The Anatomic Excellence specimens include Silicone Plastinates, Sheet Plastinates, Anatomy Glass (high resolution glass prints of body slices), Blood Vessel Configurations, Skeletons and Skulls. Van Hagens Plastination will also design bespoke dissections to meet specific curricular needs.

The plastinates, says Whiteside, are only a tool for teaching but, he adds, it’s the “enthusiasm from users … that carries me forward.”

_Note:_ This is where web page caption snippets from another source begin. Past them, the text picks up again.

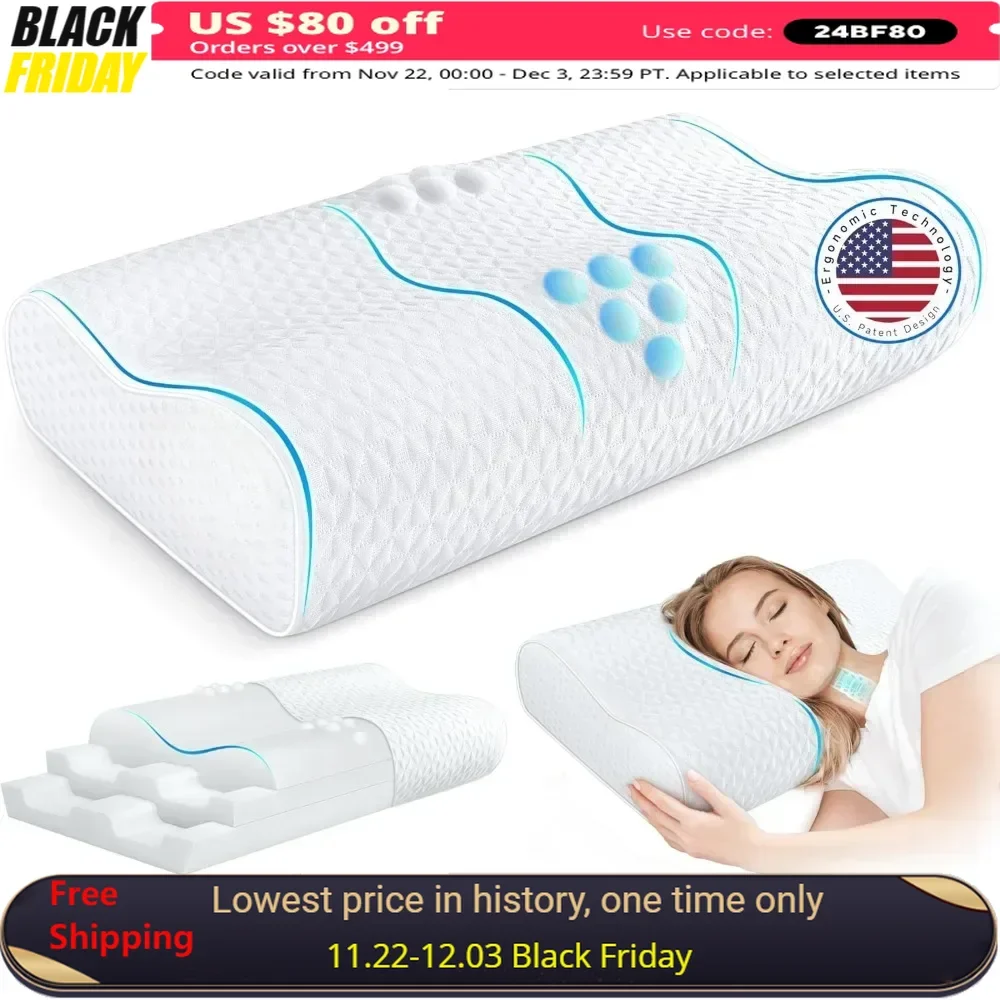 Neck & Neck Pillow - Memory foam pillow for neck and shoulder pain relief, ergonomic pillow for side, back and abdomen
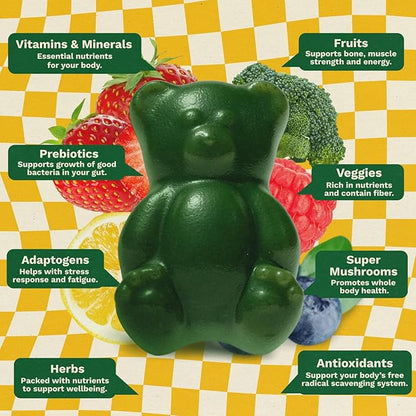 Gruns Multivitamin for Kids, Super Greens Gummies, Superfood Gummy Bears with 20+ Vitamins & Minerals, Spirulina, Chlorella, Alfalfa, Prebiotics Fiber for Digestive Health, Adaptogens Supplement, 28ct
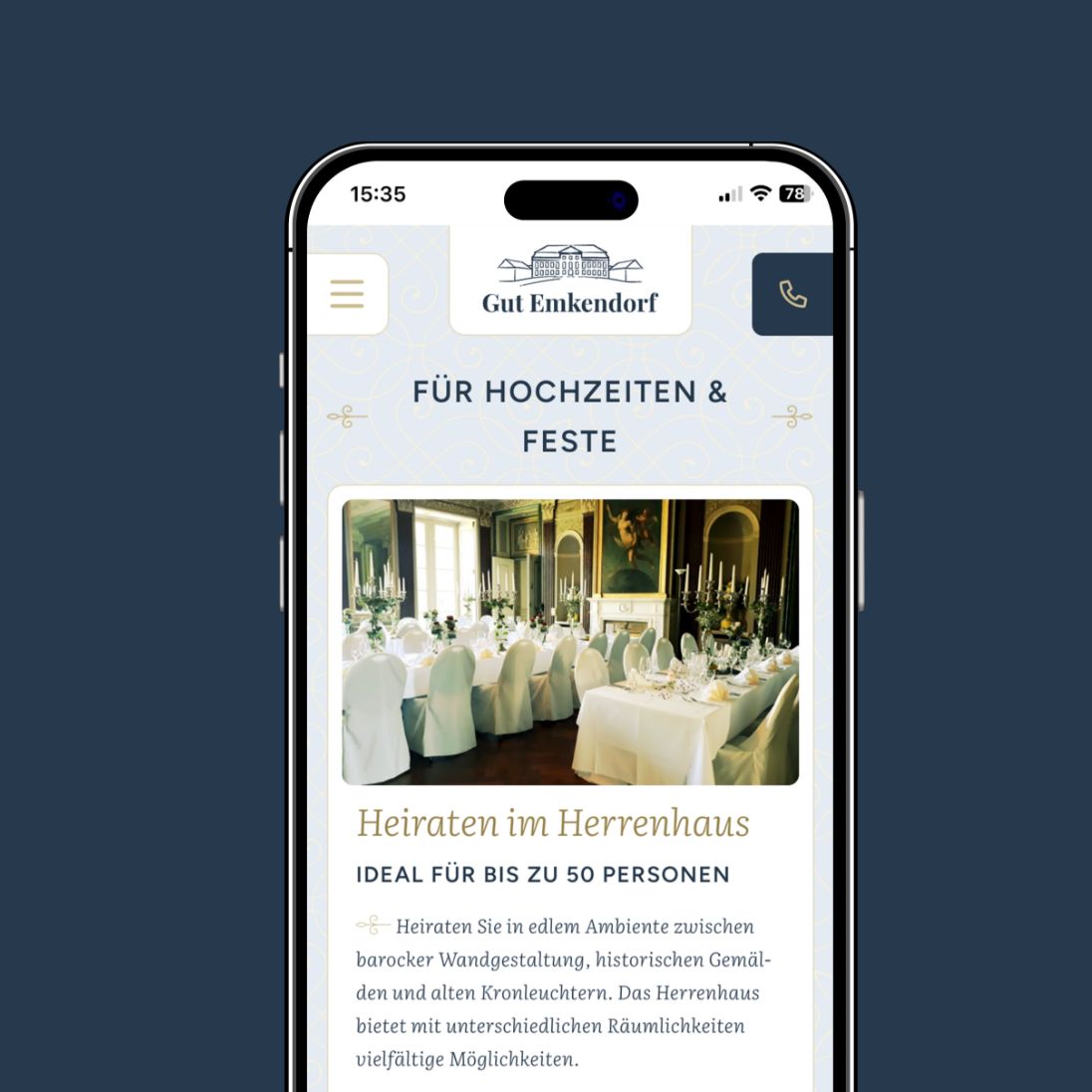 h2_gute_teaser_07.jpg Mobile Website über Hochzeiten auf Gut Emkendorf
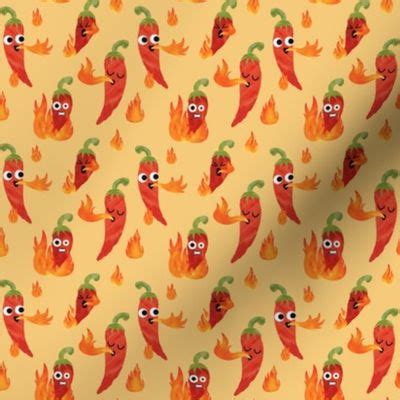 Kawaii Hot Chili Peppers On Fire Fabric Spoonflower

Whiteside says he relishes the opportunity to encourage improvements in the quality of education in the medical and healthcare fields.

“I know I’m just a very small cog in a very large machine, and I'm very happy being that,” says Whiteside. “The ability to influence in my role, I think, supersedes what I could ever achieve as a nurse at the bedside. I'm able to sort of put things in front of people that can influence thousands of future practitioners.”

Yes, Graham Whiteside knows his “why.”